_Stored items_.
--- START ---
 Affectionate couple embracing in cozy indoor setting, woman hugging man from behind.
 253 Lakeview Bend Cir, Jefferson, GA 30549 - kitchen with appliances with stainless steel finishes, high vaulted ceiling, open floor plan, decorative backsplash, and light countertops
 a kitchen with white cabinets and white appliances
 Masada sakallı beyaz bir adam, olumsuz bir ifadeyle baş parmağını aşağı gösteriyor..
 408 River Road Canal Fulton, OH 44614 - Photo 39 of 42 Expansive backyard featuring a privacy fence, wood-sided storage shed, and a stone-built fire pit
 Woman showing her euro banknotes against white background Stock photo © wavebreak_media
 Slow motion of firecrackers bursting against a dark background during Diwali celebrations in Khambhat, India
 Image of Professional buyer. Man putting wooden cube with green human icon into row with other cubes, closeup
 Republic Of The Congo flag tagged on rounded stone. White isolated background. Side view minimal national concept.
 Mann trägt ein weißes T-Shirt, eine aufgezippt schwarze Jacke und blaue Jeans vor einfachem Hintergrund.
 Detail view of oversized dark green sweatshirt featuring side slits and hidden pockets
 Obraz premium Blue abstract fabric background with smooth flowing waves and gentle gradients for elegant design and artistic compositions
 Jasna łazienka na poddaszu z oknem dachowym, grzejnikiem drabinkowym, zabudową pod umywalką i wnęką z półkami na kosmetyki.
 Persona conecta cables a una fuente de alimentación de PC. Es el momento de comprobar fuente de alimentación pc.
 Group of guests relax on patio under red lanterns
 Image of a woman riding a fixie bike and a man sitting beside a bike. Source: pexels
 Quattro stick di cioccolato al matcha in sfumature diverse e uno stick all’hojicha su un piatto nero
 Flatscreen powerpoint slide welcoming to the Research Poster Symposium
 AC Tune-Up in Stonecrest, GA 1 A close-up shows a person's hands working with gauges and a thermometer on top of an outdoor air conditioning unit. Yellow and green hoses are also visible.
--- END ---
_Task requirements_.
In the data above, find the line that contains "a kitchen with", then reproduce exactly every line from the first line through that line.

_Written answer_.
 Affectionate couple embracing in cozy indoor setting, woman hugging man from behind.
 253 Lakeview Bend Cir, Jefferson, GA 30549 - kitchen with appliances with stainless steel finishes, high vaulted ceiling, open floor plan, decorative backsplash, and light countertops
 a kitchen with white cabinets and white appliances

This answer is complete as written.